**Information provided**
________________

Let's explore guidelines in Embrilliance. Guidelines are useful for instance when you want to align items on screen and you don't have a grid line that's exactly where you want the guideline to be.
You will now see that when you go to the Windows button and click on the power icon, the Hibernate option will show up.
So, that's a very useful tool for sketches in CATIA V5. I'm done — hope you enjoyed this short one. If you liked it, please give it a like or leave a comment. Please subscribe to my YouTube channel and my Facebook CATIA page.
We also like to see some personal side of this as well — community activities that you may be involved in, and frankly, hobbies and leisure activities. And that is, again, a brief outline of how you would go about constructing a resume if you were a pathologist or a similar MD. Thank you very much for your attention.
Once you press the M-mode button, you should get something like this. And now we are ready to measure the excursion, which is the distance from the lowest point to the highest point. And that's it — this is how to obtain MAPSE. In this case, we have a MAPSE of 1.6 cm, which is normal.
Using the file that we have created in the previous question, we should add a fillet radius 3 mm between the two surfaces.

________________

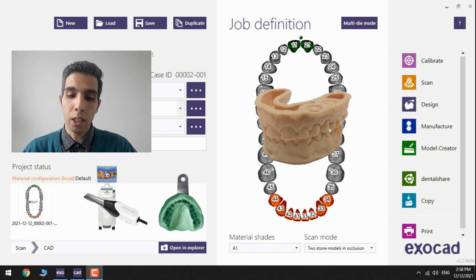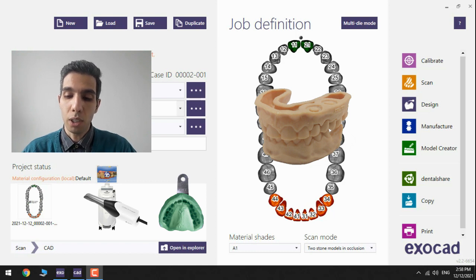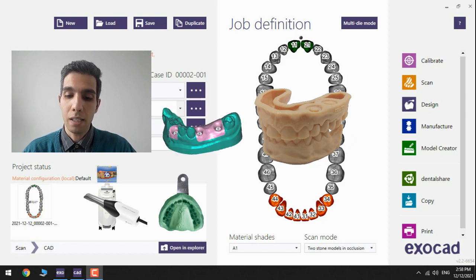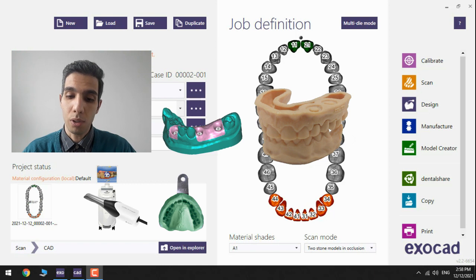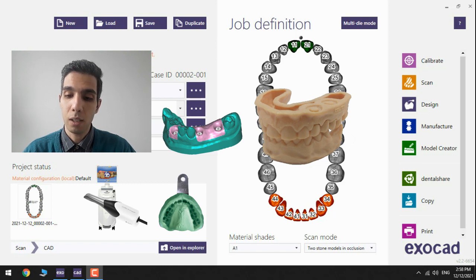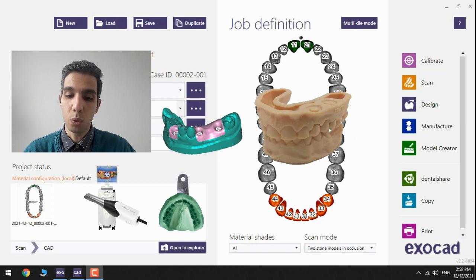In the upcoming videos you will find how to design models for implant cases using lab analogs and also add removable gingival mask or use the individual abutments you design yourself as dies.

________________

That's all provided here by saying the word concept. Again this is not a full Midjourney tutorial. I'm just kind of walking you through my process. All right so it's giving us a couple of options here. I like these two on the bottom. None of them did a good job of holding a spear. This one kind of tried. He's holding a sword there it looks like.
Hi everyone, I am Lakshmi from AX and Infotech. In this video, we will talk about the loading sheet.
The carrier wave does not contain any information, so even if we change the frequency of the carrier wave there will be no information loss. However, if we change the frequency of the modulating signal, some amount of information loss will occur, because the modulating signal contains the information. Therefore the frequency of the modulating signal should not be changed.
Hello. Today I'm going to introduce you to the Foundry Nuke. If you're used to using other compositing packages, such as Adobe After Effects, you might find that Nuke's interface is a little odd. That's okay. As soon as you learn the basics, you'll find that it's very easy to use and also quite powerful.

________________

From the entries above, write out only the lines starting at the line that holds "We also like" and ending at the line that holds "Using the file", keeping both and matching them exactly.

We also like to see some personal side of this as well — community activities that you may be involved in, and frankly, hobbies and leisure activities. And that is, again, a brief outline of how you would go about constructing a resume if you were a pathologist or a similar MD. Thank you very much for your attention.
Once you press the M-mode button, you should get something like this. And now we are ready to measure the excursion, which is the distance from the lowest point to the highest point. And that's it — this is how to obtain MAPSE. In this case, we have a MAPSE of 1.6 cm, which is normal.
Using the file that we have created in the previous question, we should add a fillet radius 3 mm between the two surfaces.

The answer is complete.